Compress the VCF file using bgzip. This will remove the snp.vcf file and produce snp.vcf.gz file in its place:

bgzip tmp/snp.vcf

Index the compressed VCF file. This will produce a .tbi file alongside the snp.vcf.gz file.

tabix tmp/snp.vcf.gz

Now that we have a SNP set, we can copy it to results directory:

cp tmp/snp.vcf.gz results
cp tmp/snp.vcf.gz.tbi results

6. Viewing the results using IGV (Integrative Genome Viewer)

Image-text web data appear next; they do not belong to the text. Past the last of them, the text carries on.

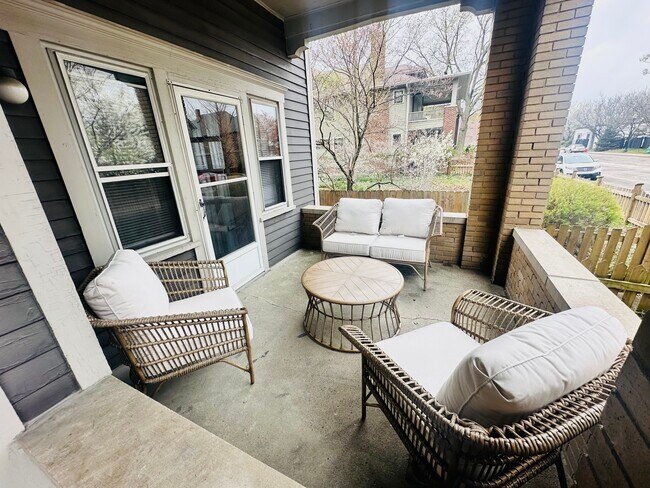 Foto del edificio - 537 E 11th St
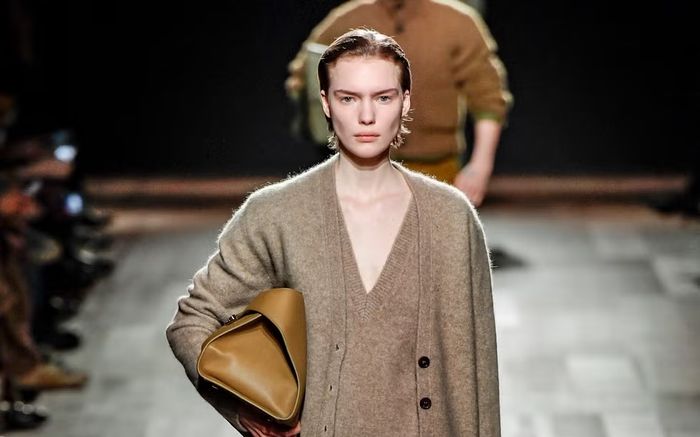 Cardigan trở lại và 5 cách phối đồ đẳng cấp chứng minh sức hút vượt thời gian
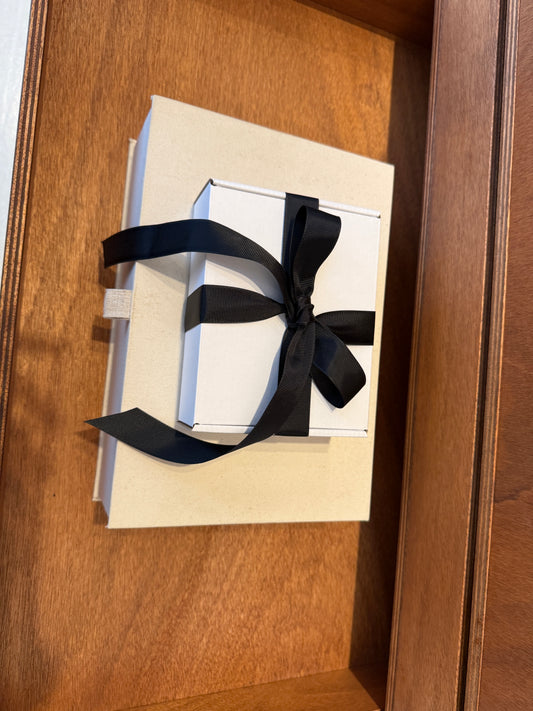 GIFT WRAPPING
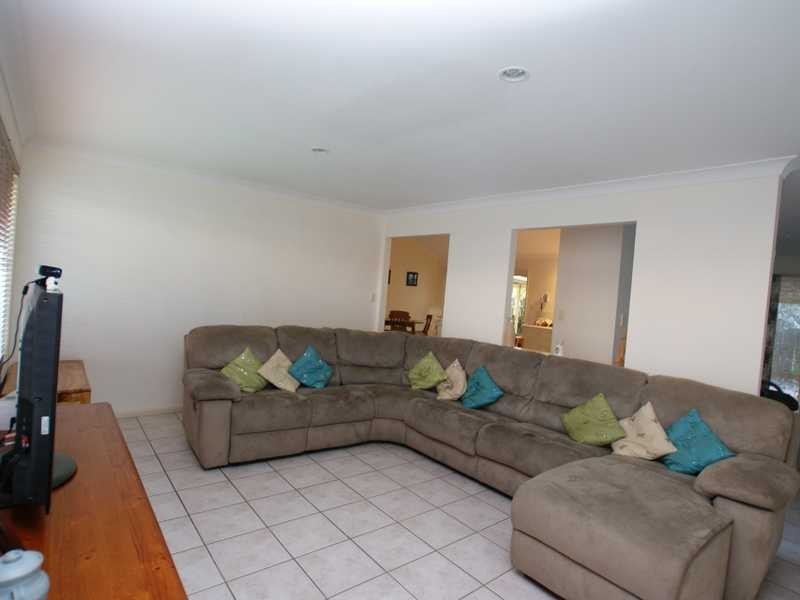 5 Eloura Court, Ocean Shores NSW 2483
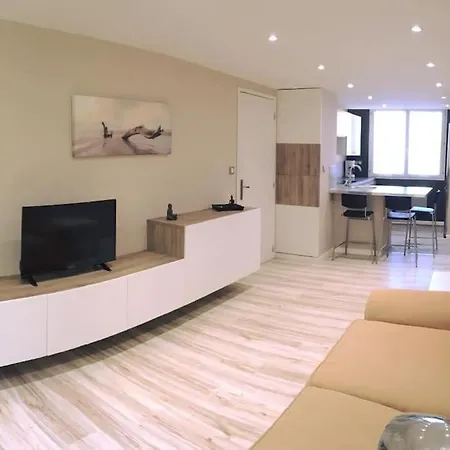 Daire T2 Duplex Pour 4 Personnes Avec Parking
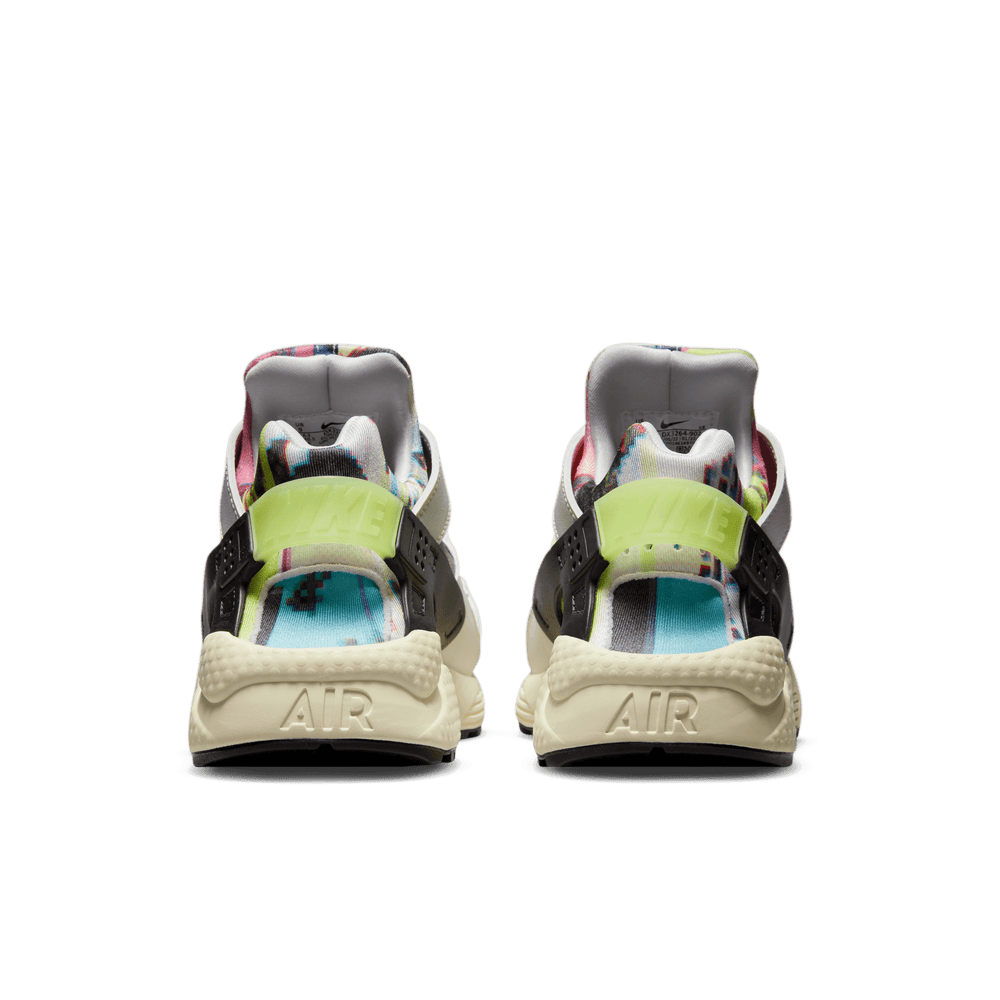 
                  
                    Load image into Gallery viewer, Womens Nike Air Huarache SE &amp;#39;Game&amp;#39;
                  
                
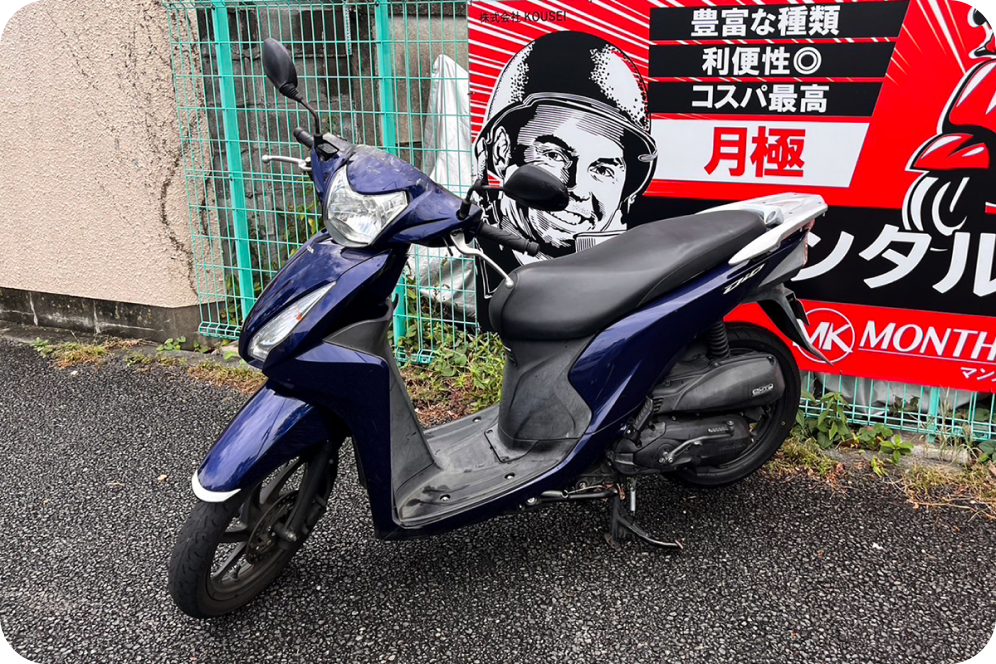 バイクを所定の場所に返却しているイメージの写真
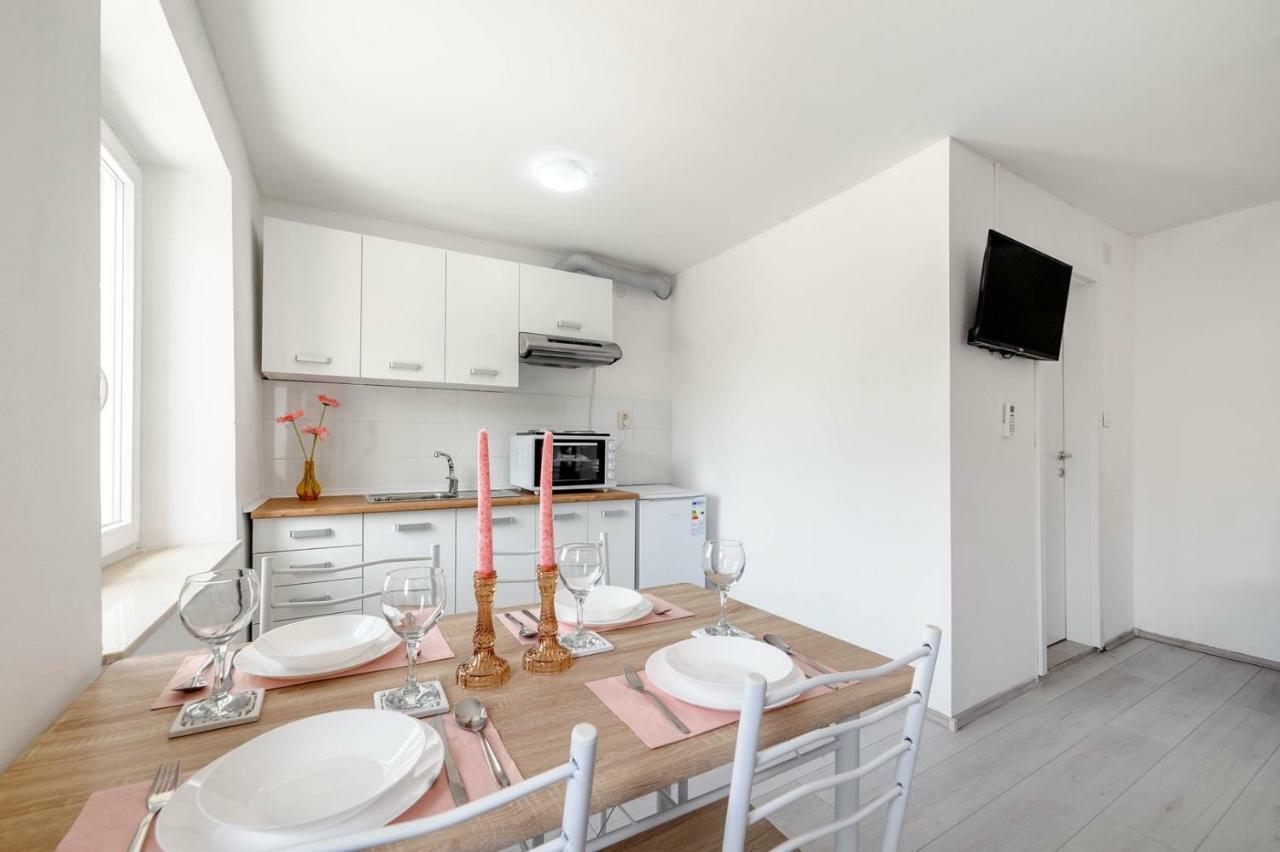 Apartments Nada Tribunj  Luaran gambar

In this part of the practical, we will use the software IGV to visualise the alignments and the SNPs we generated, and verify some of the called SNPs.

Copy the BAM and their index files (.bai) to ~/www/igv/data.
Copy the snp.vcf.gz and its index file (.tbi) to ~/www/igv/data.

To visualise them, open IGV by clicking on the IGV link in your personal module page (e.g., http://bob.genomicscourse.com).

Here, we use igv.js which is designed to be embedded in web pages and the installation is pre-configured to use the assembly (reference.fa file) you used for variant calling.

Questions:

Try to undrestand what all the parts of the screen are and mean.

What do the colors represent?

Can you see genetic variation? Can you see sequencing errors?

Has bcftools/mpileup recovered the same genetic variants as you would by looking at the alignments with IGV?

Do you think our filtering was effective?